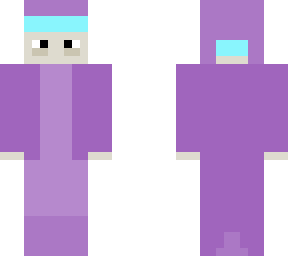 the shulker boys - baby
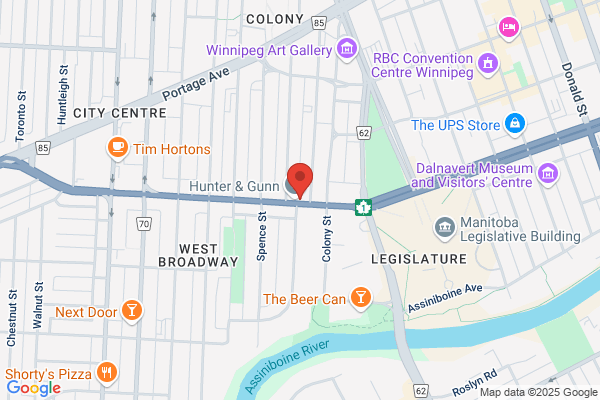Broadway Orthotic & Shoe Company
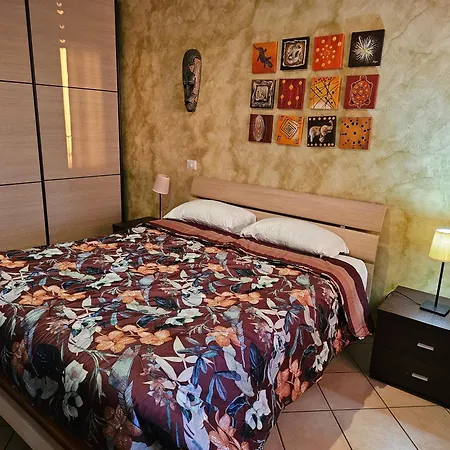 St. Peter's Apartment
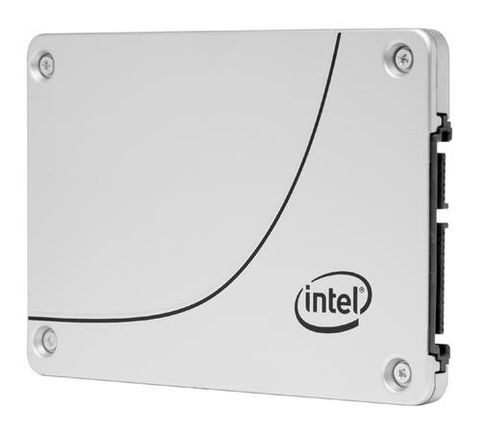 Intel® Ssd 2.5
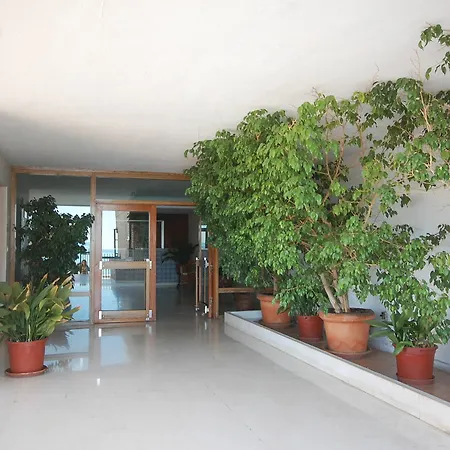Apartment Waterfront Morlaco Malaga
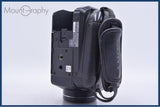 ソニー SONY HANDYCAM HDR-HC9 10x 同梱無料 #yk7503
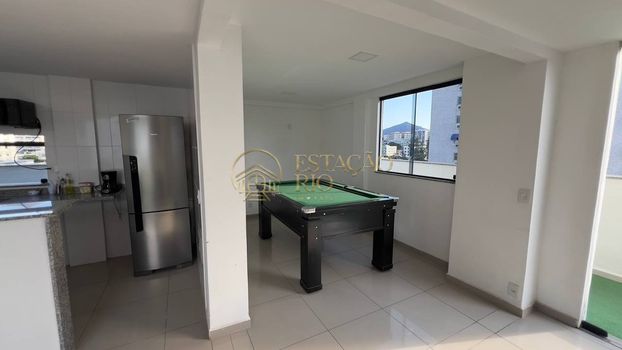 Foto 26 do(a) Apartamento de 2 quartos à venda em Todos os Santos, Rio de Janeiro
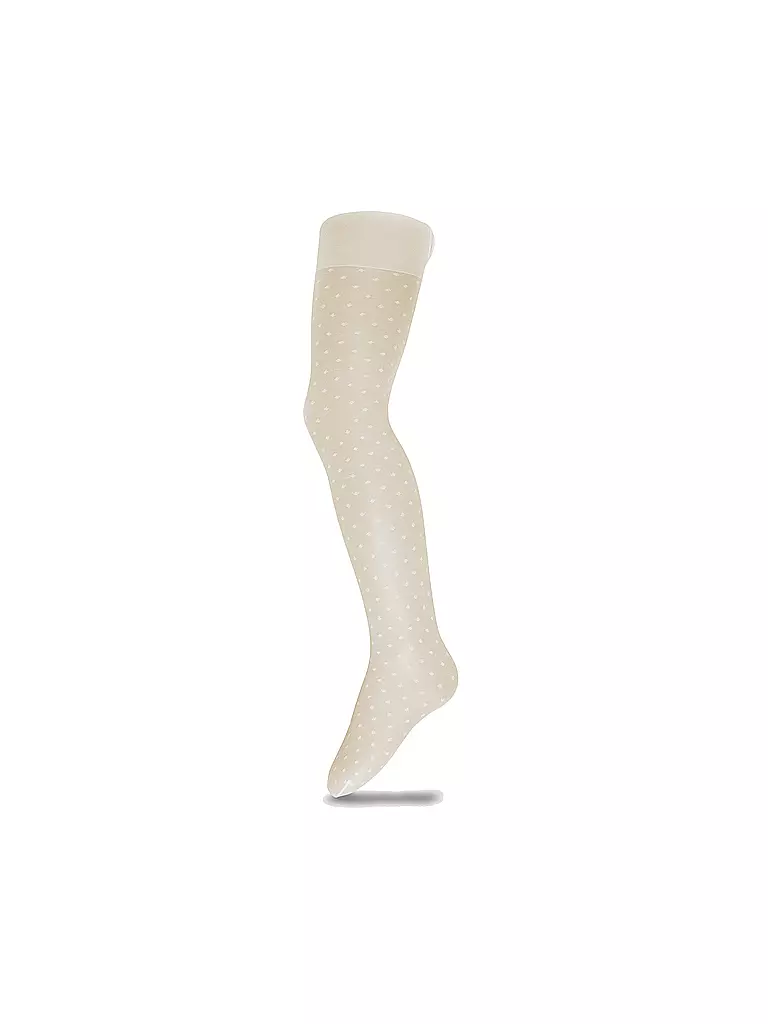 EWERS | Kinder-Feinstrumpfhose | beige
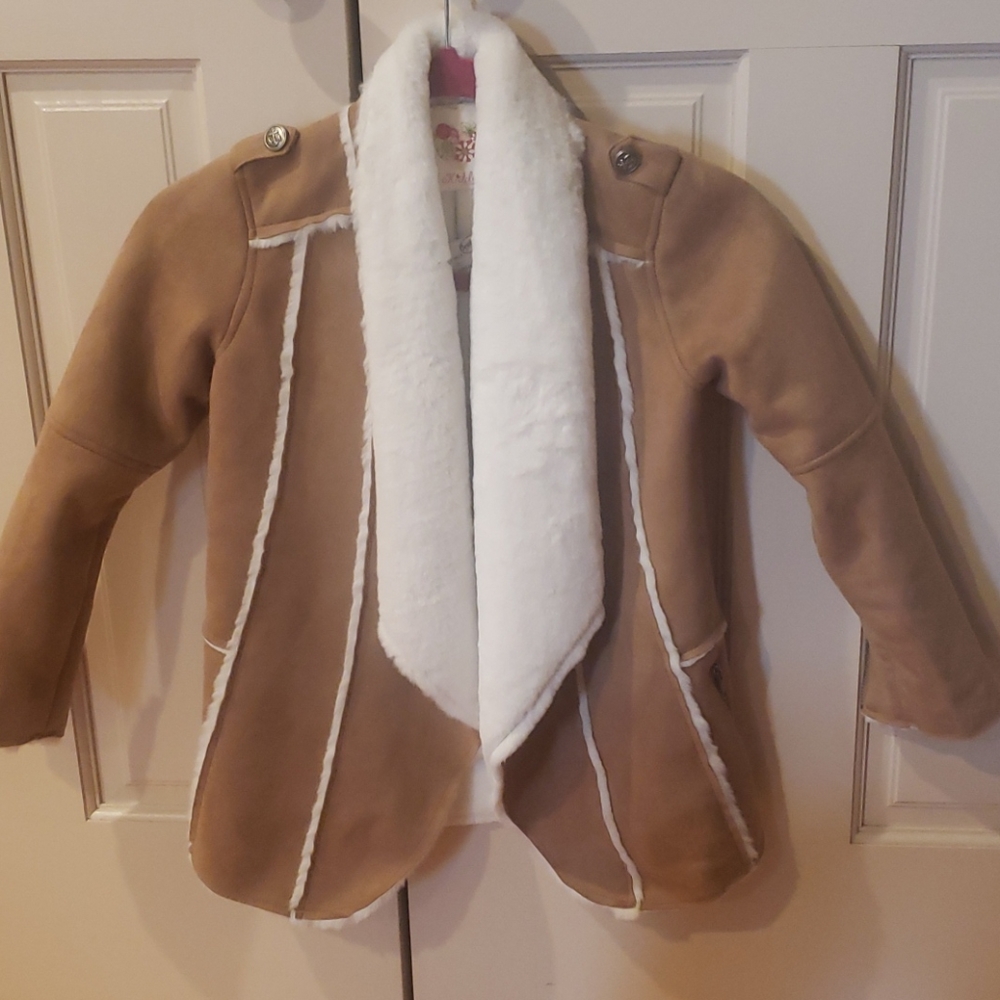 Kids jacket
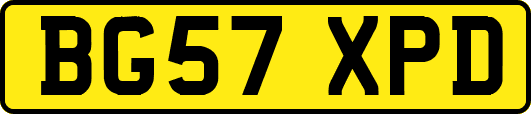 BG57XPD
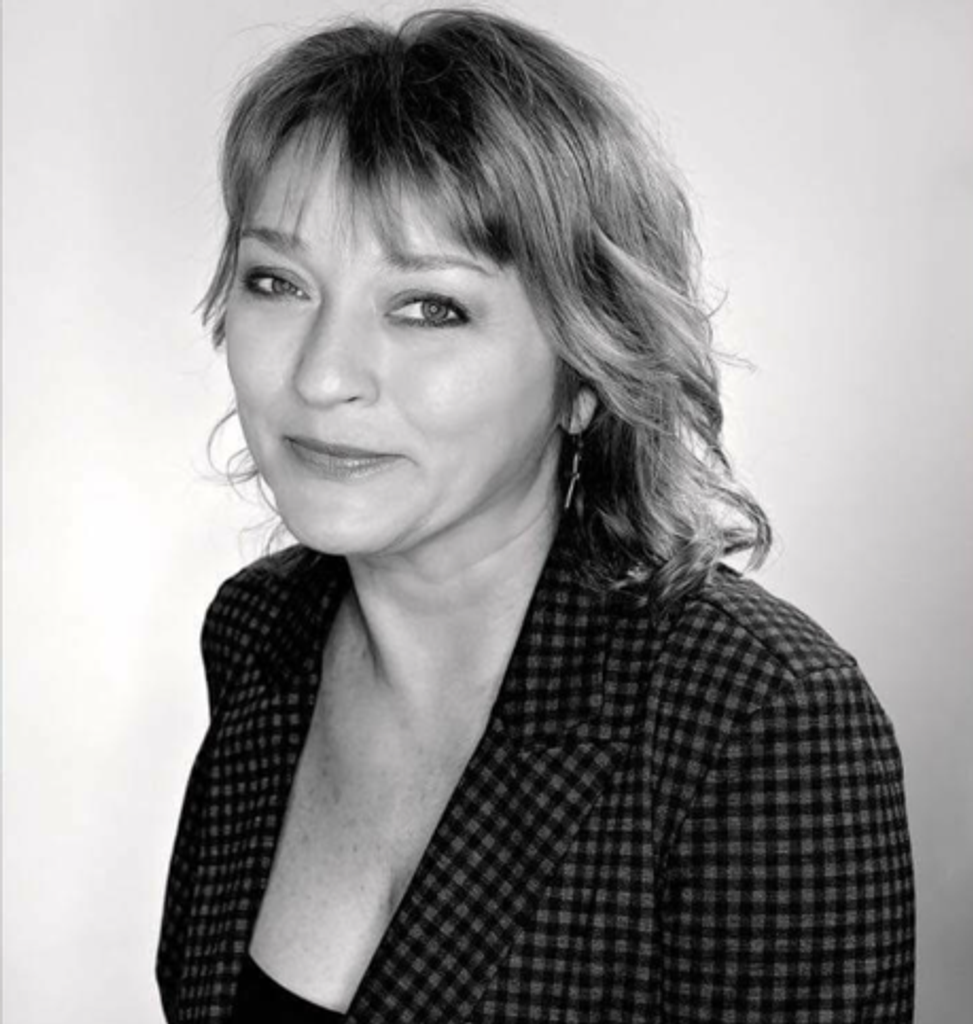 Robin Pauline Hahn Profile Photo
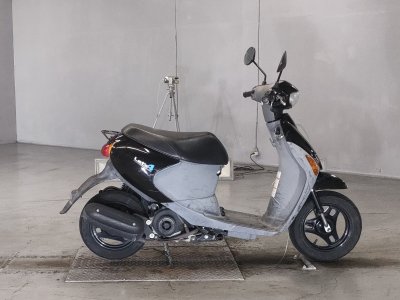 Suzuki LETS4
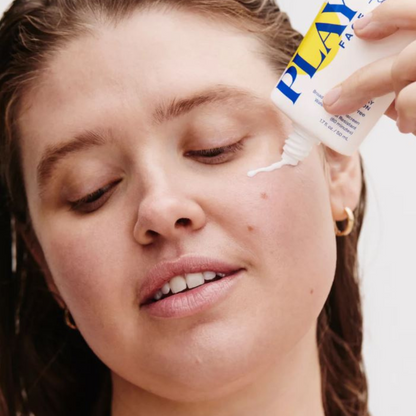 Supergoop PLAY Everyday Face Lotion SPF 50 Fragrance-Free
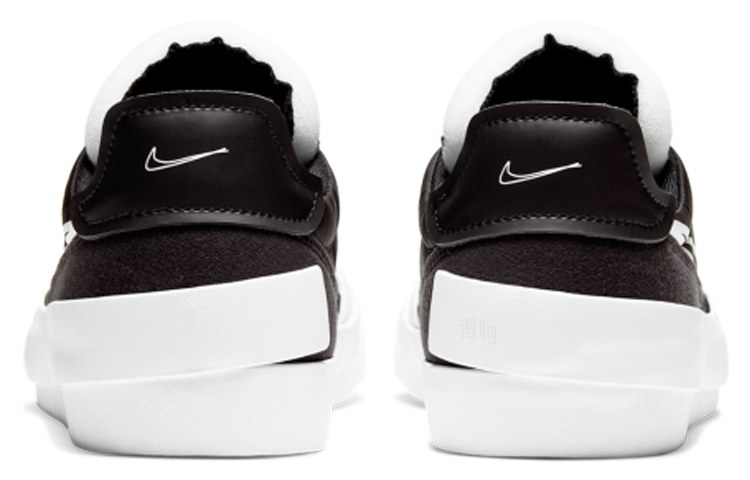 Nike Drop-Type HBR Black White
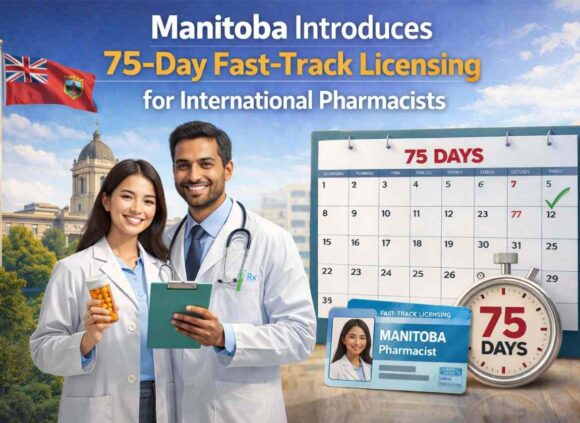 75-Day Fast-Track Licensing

◇ ◇ ◇ ◇

### YOUR TASK
Pictures are to be left out. Everything else in the records must be written out exactly.

### REPLY
 the shulker boys - baby
Broadway Orthotic & Shoe Company
 St. Peter's Apartment
 Intel® Ssd 2.5
Apartment Waterfront Morlaco Malaga
 ソニー SONY HANDYCAM HDR-HC9 10x 同梱無料 #yk7503
 Foto 26 do(a) Apartamento de 2 quartos à venda em Todos os Santos, Rio de Janeiro
 EWERS | Kinder-Feinstrumpfhose | beige
 Kids jacket
 BG57XPD
 Robin Pauline Hahn Profile Photo
 Suzuki LETS4
 Supergoop PLAY Everyday Face Lotion SPF 50 Fragrance-Free
 Nike Drop-Type HBR Black White
 75-Day Fast-Track Licensing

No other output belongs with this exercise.